◆ Provided records ◆
************
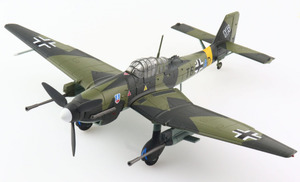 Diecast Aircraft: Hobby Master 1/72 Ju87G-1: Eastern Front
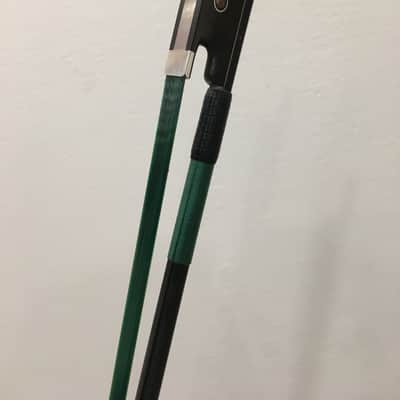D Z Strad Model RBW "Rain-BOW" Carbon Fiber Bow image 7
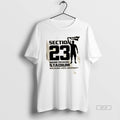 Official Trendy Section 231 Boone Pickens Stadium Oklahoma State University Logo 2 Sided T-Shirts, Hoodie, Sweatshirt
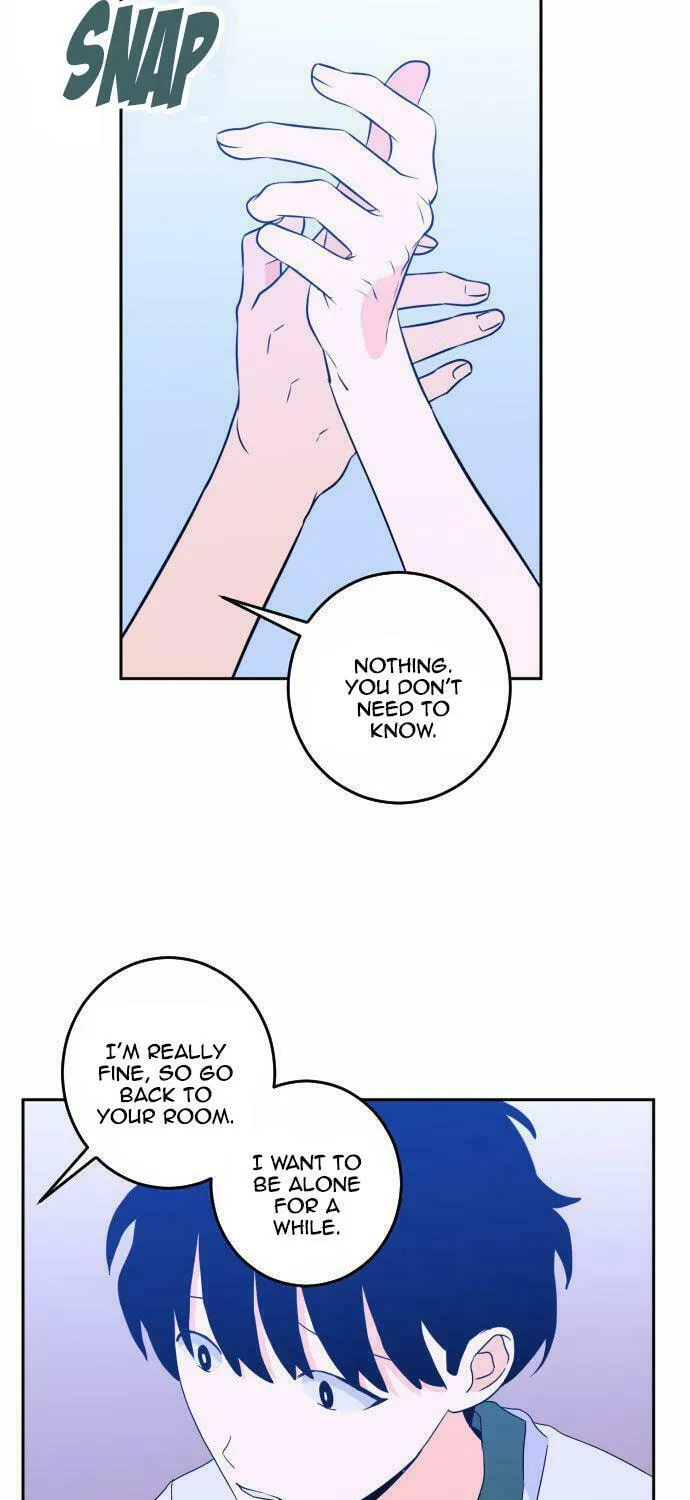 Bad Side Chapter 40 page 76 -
************
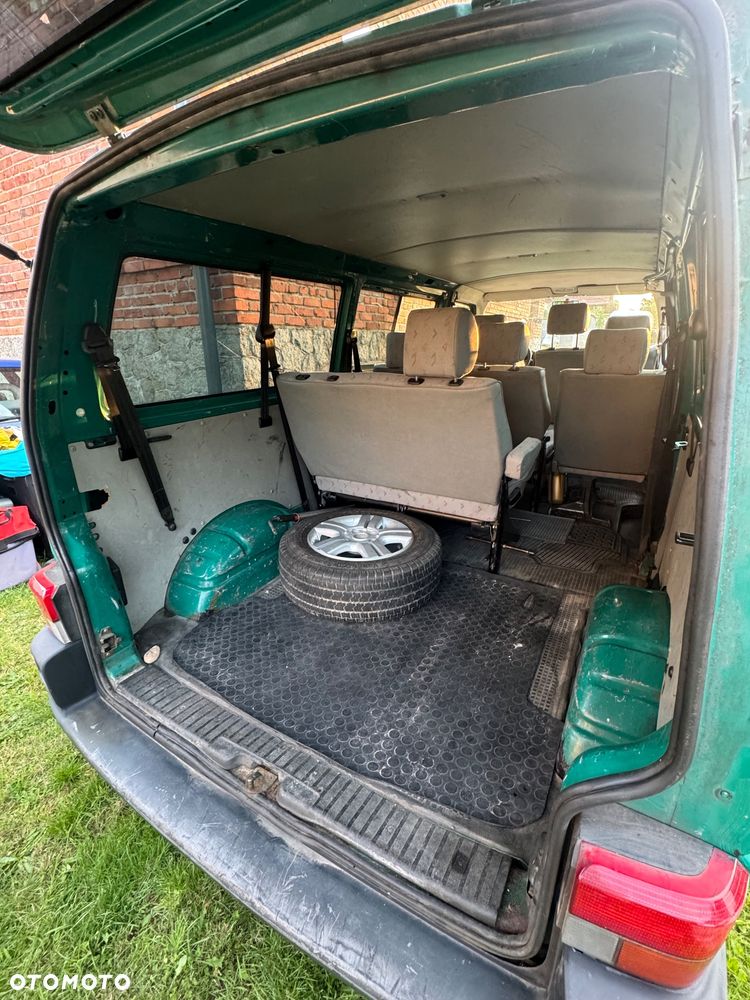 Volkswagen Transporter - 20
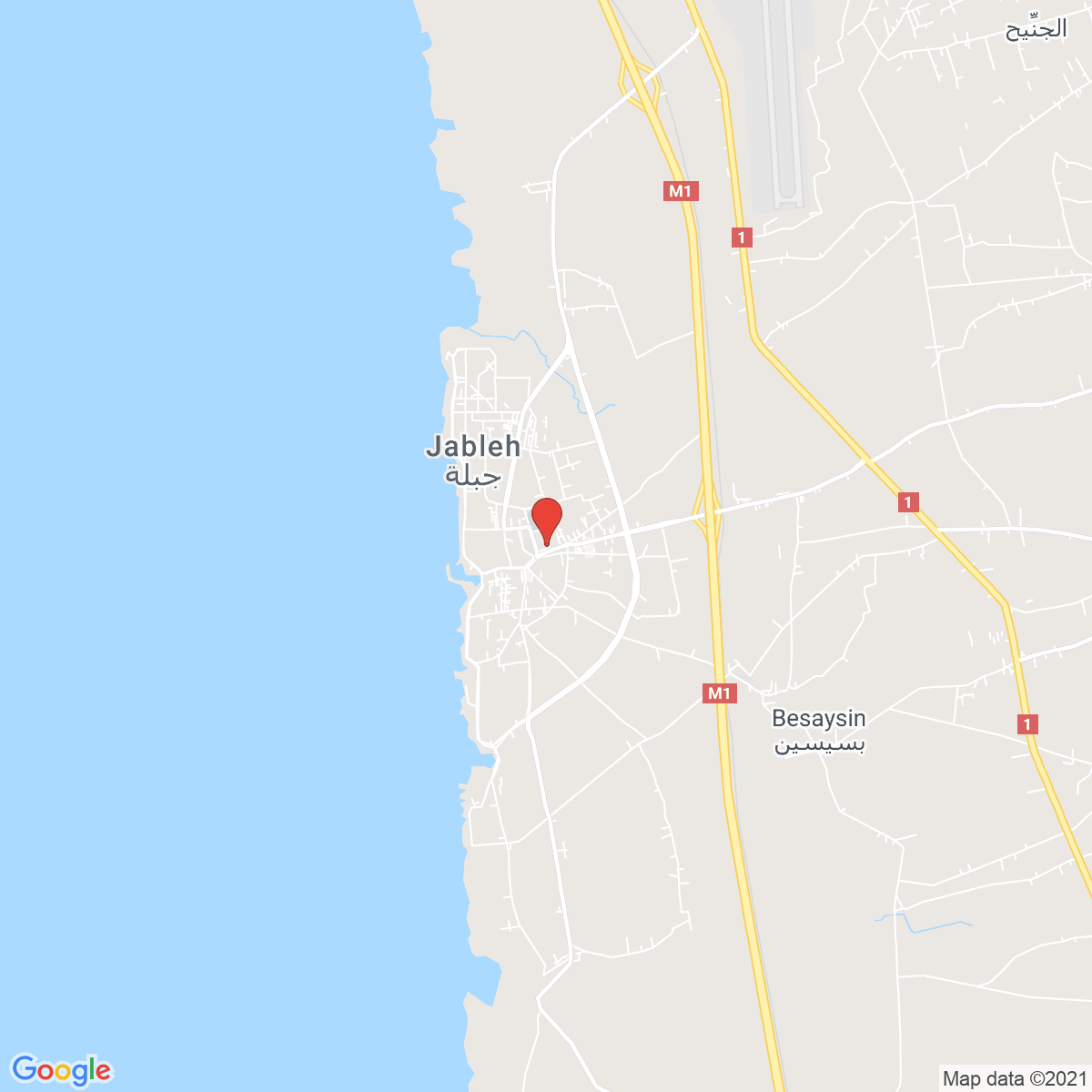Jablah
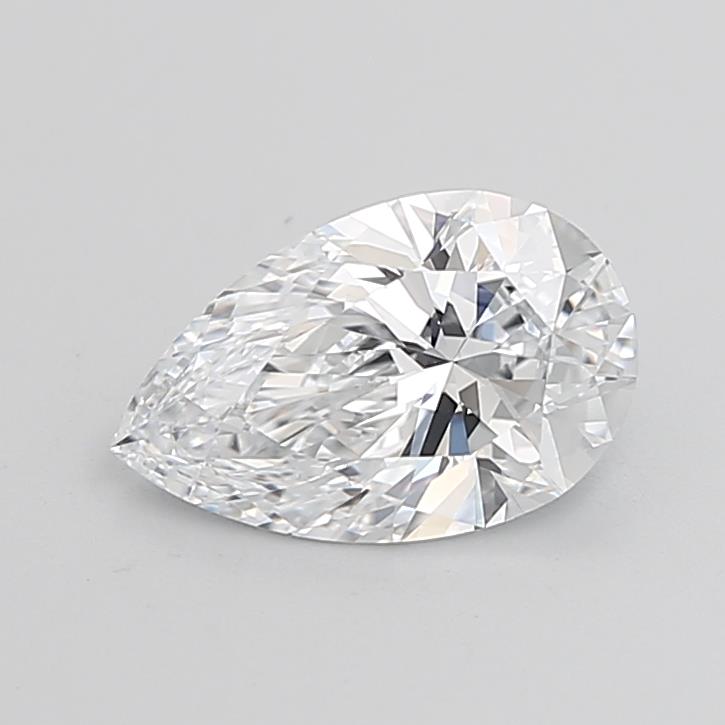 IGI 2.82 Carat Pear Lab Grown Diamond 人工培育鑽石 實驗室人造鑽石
************
◆ Aim of the exercise ◆
In the records above, find the line with "D Z Strad Model". Print exactly from there through the line with "Bad Side Chapter", minus the pictures.

◆ Answer to this task ◆
D Z Strad Model RBW "Rain-BOW" Carbon Fiber Bow image 7
 Official Trendy Section 231 Boone Pickens Stadium Oklahoma State University Logo 2 Sided T-Shirts, Hoodie, Sweatshirt
 Bad Side Chapter 40 page 76 -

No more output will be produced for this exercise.